Vae victis semble la nouvelle devise de nos sociétés. Malheur aux vaincus, qu’ils soient proches ou lointains : nous refusons de leur venir en aide, de nous contraindre en quoi que ce soit et de courir le moindre risque d’inconfort !
Pourtant, il y a fort à parier que ceux qui prennent le risque, souvent sous leur propre nom, de produire ces discours de haine appartiennent pour une bonne part à ces populations déclassées qui sont aujourd’hui le vivier électoral du Front national et des mouvements assimilés.
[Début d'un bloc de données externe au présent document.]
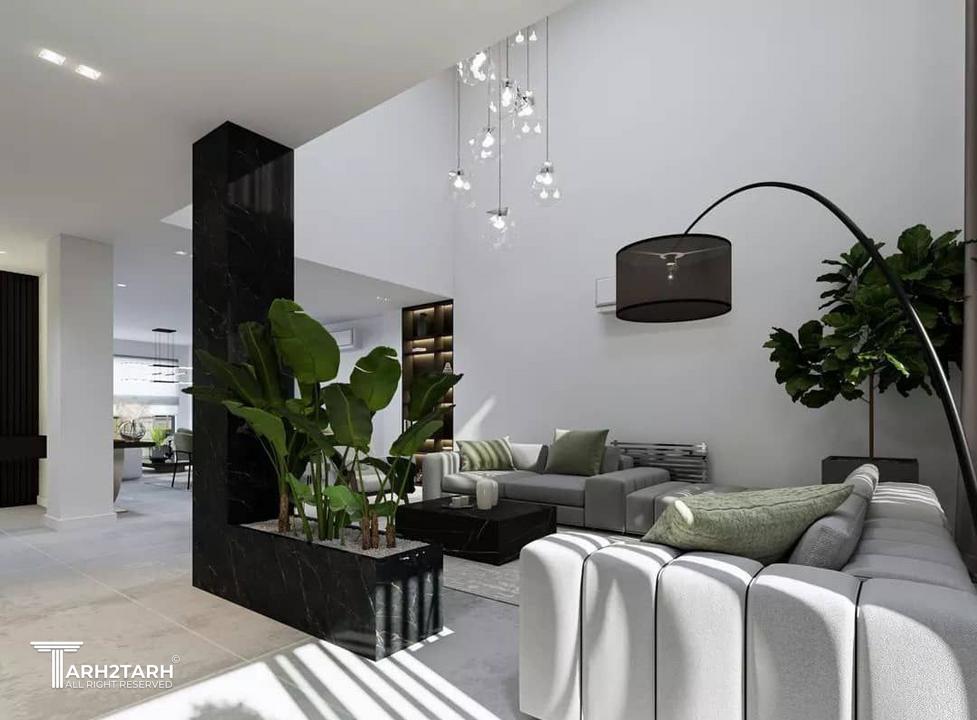 طراحی داخلی 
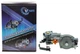 Карбюратор VJ Parts генератора 168F/170F 2,0-3,0 kWt + газовий редуктор., арт. gen283 - зображення 6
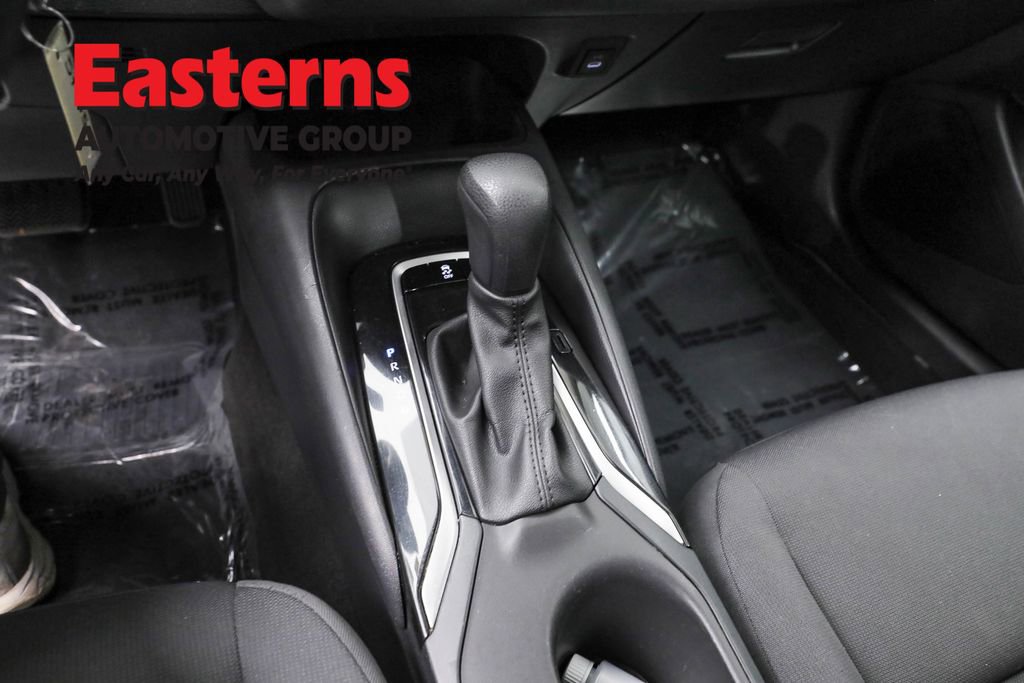 Used 2023 Toyota Corolla LE image 13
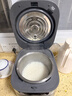 九陽(yáng)（Joyoung）【旗艦技術(shù)雙驅IH】有鈦0涂層凈粹低糖電飯煲電飯鍋4升3-4人遠紅外風(fēng)冷水潤膜國家補貼40N1UProMax 曬單實(shí)拍圖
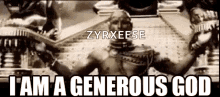 God Xerxes GIF - God Xerxes 300 GIFs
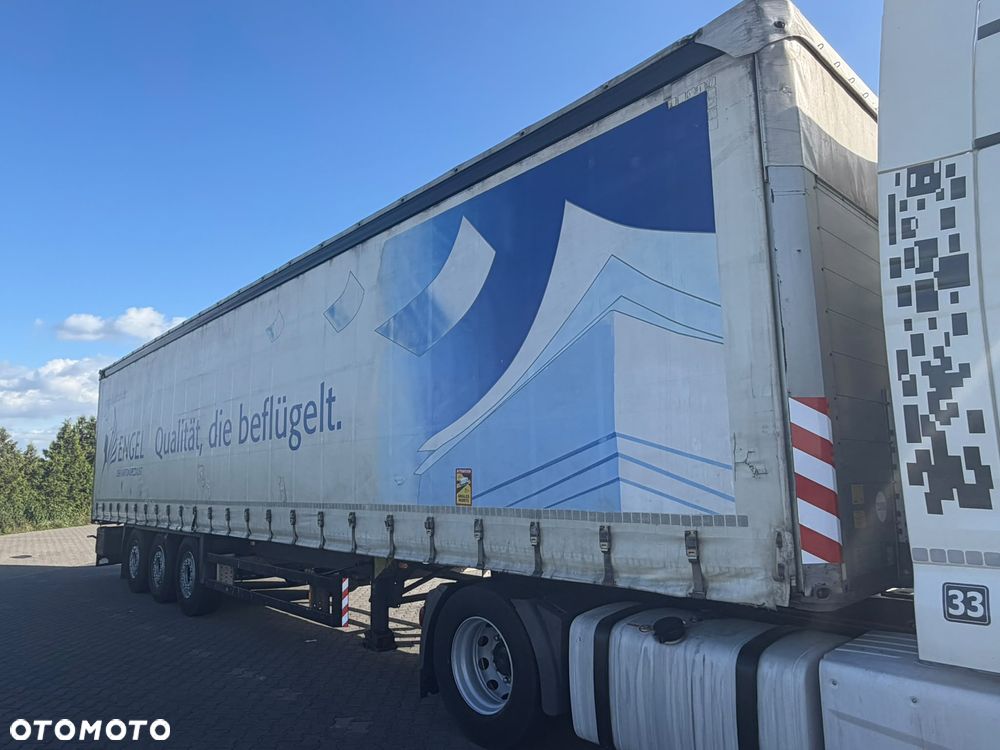 Schmitz Cargobull SCS 24/L-13.62 - 5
Hypothèse renforcée par le fait que l’orthographe hésitante et l’argumentaire étique semblent provenir de personnes à la limite de l’analphabétisme. On peut ainsi penser que ces individus usent à l’égard d’autrui d’un discours dont elles sont vraisemblablement elles-mêmes victimes. Ce faisant, loin de s’immuniser et de s’armer contre lui, elles ne font qu’en renforcer la légitimité.
Lorsque le calme sera revenu en Syrie et en Irak — fût-ce par manque de survivants — ou lorsque les flux migratoires auront été jugulés à grands coups de clôtures barbelées, ce discours, plus fort que jamais, reviendra à d’autres usages. Alors, ceux qui auront contribué à sa légitimation et à sa banalisation le verront se retourner contre eux. Car lorsque les faibles cherchent à s’allier aux puissants en participant à l’oppression de plus déclassés qu’eux, ils ne s’en voient pas remerciés. Dans une société où il sera devenu banal d’être inhumain, où la solidarité sera, au mieux, vue comme une faiblesse coupable, il n’y aura aucune raison de s’en tenir à des visites domiciliaires ou à une mise au travail forcée…
Le champ des possibles sera à nouveau ouvert. Pour le pire. Exclusivement.
- La récurrence de cette thématique a amené des internautes à créer une page Facebook consacrée à la compilation de ces réactions : Et nos SDF ? Le best of et des SDF à répondre par un Merci pour l’invit’, fondé sur la supposition que les racistes en question ne refuseront pas de leur donner un coup de pouce, voire de les héberger, maintenant qu’ils sont à la mode.